Also toying with another procedurally generated  "Regions" with the dungeon area to help determine themes and entities.

...and looks like I better give 'em a map.  Gotta have that map.

 But I'm only on the first one as a complete plug-in with nice comments and in any presentably modular and optimized form. And I may start that one over.

Making a book like this is a lot like trying to make a game, in a way this is both,so I have to cull my ideas early and often if I want to get something complete and together.  The readers should have the concepts they need to get started and should be able to use my modules and procedures and make a successful 7drl.

7 Day Rogue Like



That's a decent goal I think.

But I don't want to promise more than I can deliver.  Right now I think it would be a swell book if it were only a guide to a basic game with procedural dungeons, saving with permadeath, items, basic enemies and inventory and some method of attack / health... with only real time shooting mechanics or something.   We'll see where this goes.







Tuesday, April 11, 2017

RogueLike Radio changed my mind about something in my "Let's Make a Roguelike" book!


Roguelike Radio Changed My Mind (and I'm only on the first year)


Still working on my how-to book, Let's Make a Roguelike with Construct 2

Here's an excerpt from my initial draft


...And here's a link to the Roguelike Radio podcast.

http://www.roguelikeradio.com/p/about.html

Apart from consuming everything I can about modern game design and programming patterns, particularly procedural generation, I wanted to uncover more of the mystery about what makes something a good Roguelike and gives players that "Roguelike" feeling.

So I decided to listen to EVERY episode of Roguelike Radio.

I have been immersed in books on game design, level design and the history of video games as well as every GDC or PAX talk on anything to do with Roguelikes I can find... and my favorite resource so far is the Roguelike Radio podcast.

I'm only on episode 18 now and just catching up with 2012.  The podcast is fantastic and even after the first season I'm beginning to unravel the mystery.

The podcast generally 2 or 3 talkers, Darren Grey, Andrew Doull, John Harris, with a special guest developers like Daniel Jacobsen, Nicholas Vining and David Baumgart of Dungeons of Dredmore, or Edmund McMillen of The Binding of Isaac.  They've even had the original creators of Rogue,  Michael Toy and Glenn Wichman.

So far I've learned a few things that make a Roguelike.  The speakers, generally aren't sticklers for turn based play or ascii graphics, but they definitely have things they like and don't like generally.

I know it when I see it


When defining what makes something Roguelike I am reminded of the phrase famously used in 1964 by United States Supreme Court Justice Potter Stewart to describe his threshold test for obscenity:


"I shall not today attempt further to define the kinds of material I understand to be embraced within that shorthand description ["hard-core pornography"], and perhaps I could never succeed in intelligibly doing so. But I know it when I see it..."
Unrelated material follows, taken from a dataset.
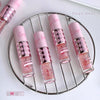 Set of pink nail polish bottles with checkered design on a round metal stand, brand 'Gege bear' visible.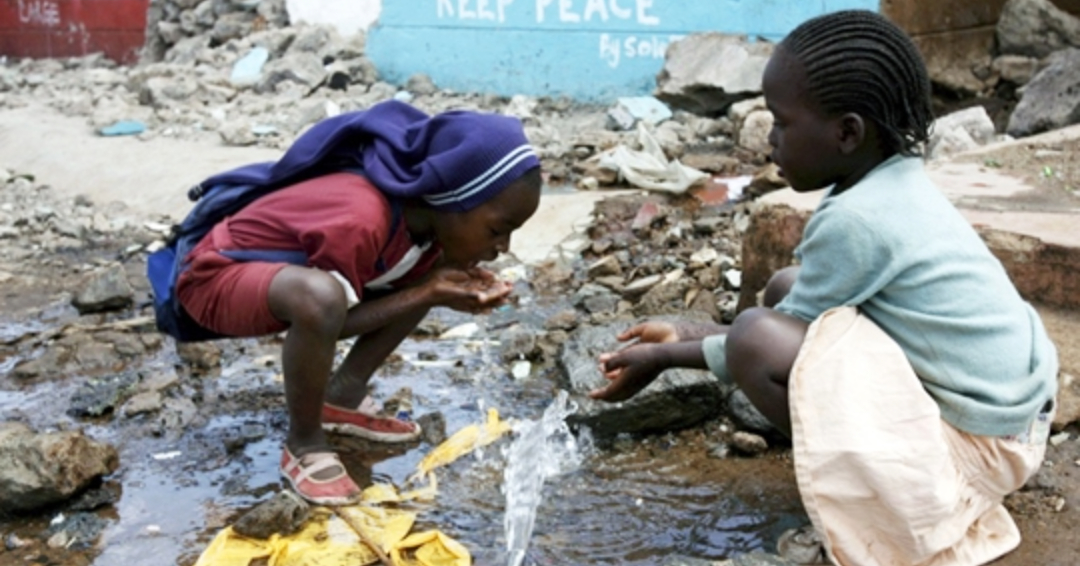 Children on street in Africa drinking dirty water - orphans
But one thing that comes up over and over is the idea that items and weapons should be there to change the way the game is played.  Not and I quote "Trading a plus 2 sword for a plus 3 sword."  This indicates a kind of linear player progression that doesn't really change the gameplay or add real variety.



Same S#$%, Different Numbers


I think it's something I noticed in other RPGs that made me bored and want to quit playing.  I call it the "Same s#$% more hitpoints" effect.

When I played Secret of Mana, a beautiful ambitious RPG for the SNES, after getting higher levels, I realized I was just attacking the same exact things but they just had more hit points and did more damage and I did more damage and had more hit points.  It was basically the same exact thing as the first dungeon, only the decimal point had moved.  Even the higher level spells didn't really change the game much.   They were like the low level spells but did more damage, or healed more... again same stuff different numbers.***



In RPG maker there's even a graph for this progression.





What's the point?  The above graph really soured CRPGs in general for me.  As Ed McMillen said in their interview, "There hast to always be a mystery."

*** This is given a strong caveat that Secret of Mana was in most every way a wonderful game and I got a lot of enjoyment out of it.  As far as SNES expansive for the time RPGs go it's pretty amazing, and was rated exactly that by IGN:  HERE 

So it's not so much THAT game, it's what I believe to be a flaw in the kind of game it is.  The potential for repetitive progression in RPGs in general... and I have run into that same problem in a wide range of games from The Bard's Tale for the Commodore 64 to Borderlands on Xbox 360.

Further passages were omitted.